Records from a dataset
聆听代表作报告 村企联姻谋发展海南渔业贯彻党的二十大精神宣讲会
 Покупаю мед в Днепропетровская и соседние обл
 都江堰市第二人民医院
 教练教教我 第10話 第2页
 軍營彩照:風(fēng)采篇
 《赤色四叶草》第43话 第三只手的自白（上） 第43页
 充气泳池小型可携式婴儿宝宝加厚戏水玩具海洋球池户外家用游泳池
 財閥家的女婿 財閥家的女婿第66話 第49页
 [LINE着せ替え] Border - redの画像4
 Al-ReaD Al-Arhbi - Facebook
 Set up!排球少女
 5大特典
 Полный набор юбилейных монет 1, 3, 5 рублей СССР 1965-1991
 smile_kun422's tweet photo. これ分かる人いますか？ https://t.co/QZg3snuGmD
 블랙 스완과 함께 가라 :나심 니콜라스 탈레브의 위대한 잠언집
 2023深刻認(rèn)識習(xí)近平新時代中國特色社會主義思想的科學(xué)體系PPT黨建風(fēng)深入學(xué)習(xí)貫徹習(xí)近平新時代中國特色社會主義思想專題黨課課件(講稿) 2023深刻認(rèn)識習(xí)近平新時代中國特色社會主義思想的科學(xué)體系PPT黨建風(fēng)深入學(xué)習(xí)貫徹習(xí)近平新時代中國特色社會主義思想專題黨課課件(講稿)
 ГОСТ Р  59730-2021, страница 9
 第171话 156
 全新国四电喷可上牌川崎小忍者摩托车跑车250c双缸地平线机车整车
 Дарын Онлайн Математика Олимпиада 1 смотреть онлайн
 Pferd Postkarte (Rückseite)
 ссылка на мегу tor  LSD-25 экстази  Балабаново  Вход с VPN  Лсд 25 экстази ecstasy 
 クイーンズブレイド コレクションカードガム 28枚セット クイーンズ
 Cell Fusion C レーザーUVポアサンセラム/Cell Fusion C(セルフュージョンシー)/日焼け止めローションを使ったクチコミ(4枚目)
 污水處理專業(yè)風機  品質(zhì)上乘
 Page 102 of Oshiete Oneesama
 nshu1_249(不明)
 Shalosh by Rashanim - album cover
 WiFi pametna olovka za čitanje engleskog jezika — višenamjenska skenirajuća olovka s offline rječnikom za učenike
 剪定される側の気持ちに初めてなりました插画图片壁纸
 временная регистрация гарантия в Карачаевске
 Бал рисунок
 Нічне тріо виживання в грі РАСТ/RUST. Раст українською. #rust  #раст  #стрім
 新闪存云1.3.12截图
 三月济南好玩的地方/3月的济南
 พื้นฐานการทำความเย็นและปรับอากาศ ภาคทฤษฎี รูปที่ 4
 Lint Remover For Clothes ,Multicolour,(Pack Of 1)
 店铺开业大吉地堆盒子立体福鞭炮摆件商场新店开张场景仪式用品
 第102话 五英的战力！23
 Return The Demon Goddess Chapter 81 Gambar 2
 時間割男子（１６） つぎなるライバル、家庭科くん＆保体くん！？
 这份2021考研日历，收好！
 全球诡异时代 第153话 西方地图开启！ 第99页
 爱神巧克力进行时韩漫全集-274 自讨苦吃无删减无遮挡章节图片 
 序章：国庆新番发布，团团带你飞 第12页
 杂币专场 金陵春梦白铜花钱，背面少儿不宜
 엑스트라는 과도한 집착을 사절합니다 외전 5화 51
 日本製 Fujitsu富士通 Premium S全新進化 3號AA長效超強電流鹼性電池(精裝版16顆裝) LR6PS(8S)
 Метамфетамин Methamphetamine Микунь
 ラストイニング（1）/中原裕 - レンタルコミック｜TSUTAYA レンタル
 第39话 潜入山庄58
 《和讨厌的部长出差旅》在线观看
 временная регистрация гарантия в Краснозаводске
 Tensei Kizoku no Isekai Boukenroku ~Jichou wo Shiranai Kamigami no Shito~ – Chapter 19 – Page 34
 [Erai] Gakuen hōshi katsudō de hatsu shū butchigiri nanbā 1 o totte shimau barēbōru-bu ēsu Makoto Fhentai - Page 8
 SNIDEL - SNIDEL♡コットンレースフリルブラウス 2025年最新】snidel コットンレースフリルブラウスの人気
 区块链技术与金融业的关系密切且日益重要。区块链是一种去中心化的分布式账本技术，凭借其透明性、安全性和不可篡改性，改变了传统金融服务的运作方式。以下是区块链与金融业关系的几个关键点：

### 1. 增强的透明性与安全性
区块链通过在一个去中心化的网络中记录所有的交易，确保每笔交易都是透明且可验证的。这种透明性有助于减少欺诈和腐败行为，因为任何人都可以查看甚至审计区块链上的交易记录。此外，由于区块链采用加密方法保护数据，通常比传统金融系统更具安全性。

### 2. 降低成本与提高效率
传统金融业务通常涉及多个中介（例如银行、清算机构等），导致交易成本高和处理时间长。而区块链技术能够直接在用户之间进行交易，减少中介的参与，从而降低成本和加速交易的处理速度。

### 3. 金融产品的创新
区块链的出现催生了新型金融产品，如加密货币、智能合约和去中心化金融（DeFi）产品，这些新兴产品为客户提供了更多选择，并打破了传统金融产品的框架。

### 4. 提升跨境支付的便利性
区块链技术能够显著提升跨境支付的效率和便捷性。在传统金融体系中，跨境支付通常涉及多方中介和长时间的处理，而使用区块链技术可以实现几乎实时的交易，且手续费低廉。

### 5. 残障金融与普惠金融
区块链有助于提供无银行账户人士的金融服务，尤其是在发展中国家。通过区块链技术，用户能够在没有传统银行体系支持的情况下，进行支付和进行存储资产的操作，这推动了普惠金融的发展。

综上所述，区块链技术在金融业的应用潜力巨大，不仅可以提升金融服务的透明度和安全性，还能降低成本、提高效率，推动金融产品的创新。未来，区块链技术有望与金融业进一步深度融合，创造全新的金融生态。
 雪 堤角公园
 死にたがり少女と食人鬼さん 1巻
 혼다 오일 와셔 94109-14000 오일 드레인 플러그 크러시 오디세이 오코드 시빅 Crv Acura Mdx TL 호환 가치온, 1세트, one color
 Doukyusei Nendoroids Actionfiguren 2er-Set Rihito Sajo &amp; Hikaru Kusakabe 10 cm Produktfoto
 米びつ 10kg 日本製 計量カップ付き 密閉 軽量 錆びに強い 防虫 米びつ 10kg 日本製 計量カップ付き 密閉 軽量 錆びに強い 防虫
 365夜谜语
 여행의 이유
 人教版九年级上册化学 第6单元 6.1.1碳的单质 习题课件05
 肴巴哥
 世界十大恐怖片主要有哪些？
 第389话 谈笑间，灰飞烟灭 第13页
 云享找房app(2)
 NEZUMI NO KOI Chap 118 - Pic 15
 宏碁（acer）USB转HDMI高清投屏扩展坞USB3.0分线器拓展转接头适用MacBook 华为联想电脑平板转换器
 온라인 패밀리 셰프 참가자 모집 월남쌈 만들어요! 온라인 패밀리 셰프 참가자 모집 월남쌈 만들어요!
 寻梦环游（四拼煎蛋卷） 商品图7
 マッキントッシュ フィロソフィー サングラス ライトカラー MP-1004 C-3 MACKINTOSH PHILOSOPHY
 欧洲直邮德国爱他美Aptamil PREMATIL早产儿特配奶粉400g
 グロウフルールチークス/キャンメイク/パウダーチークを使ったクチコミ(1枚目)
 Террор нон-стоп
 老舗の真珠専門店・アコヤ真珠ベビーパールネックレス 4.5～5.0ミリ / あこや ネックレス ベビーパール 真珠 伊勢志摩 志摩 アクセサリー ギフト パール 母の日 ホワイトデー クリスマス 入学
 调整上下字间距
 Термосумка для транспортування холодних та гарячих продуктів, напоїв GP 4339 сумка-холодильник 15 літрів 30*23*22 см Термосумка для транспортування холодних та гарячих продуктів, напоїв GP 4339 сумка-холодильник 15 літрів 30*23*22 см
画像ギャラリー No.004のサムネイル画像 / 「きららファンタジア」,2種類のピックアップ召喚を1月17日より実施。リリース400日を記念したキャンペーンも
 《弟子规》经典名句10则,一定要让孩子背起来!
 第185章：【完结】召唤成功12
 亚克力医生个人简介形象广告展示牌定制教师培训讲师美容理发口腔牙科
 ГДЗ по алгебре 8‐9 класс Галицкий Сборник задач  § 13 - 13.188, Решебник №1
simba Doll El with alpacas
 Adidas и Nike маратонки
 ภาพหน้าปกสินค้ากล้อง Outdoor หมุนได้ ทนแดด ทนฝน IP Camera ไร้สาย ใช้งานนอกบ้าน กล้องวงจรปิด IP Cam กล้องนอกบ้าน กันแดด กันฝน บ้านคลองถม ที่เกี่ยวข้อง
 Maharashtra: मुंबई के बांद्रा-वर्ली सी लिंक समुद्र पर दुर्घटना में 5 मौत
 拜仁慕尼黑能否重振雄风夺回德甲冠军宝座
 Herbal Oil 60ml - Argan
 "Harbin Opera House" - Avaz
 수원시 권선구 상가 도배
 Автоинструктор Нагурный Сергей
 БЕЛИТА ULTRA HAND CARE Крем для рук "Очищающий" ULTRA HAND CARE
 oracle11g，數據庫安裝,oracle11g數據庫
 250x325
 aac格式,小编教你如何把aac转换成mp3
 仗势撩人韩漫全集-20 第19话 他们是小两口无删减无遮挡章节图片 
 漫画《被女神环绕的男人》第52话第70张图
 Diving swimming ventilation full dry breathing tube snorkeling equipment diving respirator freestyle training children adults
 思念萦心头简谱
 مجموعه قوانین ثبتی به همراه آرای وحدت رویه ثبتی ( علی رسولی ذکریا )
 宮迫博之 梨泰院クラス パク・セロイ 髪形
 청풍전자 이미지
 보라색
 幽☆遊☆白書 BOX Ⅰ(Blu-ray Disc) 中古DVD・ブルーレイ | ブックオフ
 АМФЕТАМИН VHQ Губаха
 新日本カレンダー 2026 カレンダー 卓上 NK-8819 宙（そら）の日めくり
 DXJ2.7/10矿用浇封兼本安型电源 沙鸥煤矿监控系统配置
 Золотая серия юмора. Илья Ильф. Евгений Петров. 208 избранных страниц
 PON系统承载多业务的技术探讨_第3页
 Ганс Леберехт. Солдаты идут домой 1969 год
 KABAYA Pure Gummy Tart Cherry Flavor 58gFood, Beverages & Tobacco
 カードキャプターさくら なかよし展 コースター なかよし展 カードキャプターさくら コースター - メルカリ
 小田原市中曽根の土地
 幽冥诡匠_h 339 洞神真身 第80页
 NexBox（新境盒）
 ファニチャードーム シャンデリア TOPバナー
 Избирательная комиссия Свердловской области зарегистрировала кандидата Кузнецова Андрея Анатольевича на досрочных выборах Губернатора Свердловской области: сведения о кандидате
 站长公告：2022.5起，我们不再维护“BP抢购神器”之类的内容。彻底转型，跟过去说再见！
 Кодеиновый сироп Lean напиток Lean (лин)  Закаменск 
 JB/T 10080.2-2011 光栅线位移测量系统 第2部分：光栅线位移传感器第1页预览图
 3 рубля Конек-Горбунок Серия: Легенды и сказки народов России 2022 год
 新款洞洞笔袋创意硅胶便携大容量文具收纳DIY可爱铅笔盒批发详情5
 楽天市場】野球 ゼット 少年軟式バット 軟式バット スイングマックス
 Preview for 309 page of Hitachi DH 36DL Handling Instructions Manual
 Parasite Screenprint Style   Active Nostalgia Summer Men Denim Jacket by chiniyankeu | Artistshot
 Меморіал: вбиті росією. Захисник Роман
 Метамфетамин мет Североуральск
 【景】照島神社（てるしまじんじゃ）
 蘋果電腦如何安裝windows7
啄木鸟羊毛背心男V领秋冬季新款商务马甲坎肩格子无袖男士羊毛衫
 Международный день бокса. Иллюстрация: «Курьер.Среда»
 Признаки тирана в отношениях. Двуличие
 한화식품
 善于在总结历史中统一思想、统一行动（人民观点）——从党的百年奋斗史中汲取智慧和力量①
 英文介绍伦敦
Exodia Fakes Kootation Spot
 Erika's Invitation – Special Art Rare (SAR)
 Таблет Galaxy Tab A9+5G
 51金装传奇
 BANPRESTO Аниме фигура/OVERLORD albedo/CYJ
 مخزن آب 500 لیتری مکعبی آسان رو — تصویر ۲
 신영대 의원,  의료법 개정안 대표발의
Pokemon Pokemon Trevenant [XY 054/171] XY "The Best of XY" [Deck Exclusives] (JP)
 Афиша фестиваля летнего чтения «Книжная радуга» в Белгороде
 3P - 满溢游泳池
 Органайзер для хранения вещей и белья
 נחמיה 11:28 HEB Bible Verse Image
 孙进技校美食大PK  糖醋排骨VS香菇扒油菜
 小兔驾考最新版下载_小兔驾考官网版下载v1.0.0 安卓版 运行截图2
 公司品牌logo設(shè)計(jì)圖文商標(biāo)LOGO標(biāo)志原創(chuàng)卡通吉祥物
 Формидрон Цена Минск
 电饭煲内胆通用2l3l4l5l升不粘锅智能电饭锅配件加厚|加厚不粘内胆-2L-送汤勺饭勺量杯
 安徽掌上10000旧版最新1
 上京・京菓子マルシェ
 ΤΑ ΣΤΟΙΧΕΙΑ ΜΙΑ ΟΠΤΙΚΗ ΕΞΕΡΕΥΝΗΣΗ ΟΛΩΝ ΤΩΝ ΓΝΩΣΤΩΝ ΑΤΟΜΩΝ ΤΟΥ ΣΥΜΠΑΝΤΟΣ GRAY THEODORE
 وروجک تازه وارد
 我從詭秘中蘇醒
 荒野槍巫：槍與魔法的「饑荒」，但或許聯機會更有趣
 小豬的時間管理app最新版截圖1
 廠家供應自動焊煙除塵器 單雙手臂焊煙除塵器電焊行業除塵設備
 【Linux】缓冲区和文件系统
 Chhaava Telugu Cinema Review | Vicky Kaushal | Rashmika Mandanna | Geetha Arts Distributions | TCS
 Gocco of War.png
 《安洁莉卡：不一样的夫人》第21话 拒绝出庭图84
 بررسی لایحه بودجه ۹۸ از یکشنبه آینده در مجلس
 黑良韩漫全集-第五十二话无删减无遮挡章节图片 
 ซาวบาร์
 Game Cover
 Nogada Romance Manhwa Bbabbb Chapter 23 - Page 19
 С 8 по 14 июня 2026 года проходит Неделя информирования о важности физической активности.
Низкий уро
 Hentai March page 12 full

▶ _Exercise instructions_
What are the lines above, starting at the one with "区块链的出现催生了新型金融产" and ending at the one with "区块链有助于提供无银行账户人"? Give them again exactly, and only them.

▶ _Answer section_
区块链的出现催生了新型金融产品，如加密货币、智能合约和去中心化金融（DeFi）产品，这些新兴产品为客户提供了更多选择，并打破了传统金融产品的框架。

### 4. 提升跨境支付的便利性
区块链技术能够显著提升跨境支付的效率和便捷性。在传统金融体系中，跨境支付通常涉及多方中介和长时间的处理，而使用区块链技术可以实现几乎实时的交易，且手续费低廉。

### 5. 残障金融与普惠金融
区块链有助于提供无银行账户人士的金融服务，尤其是在发展中国家。通过区块链技术，用户能够在没有传统银行体系支持的情况下，进行支付和进行存储资产的操作，这推动了普惠金融的发展。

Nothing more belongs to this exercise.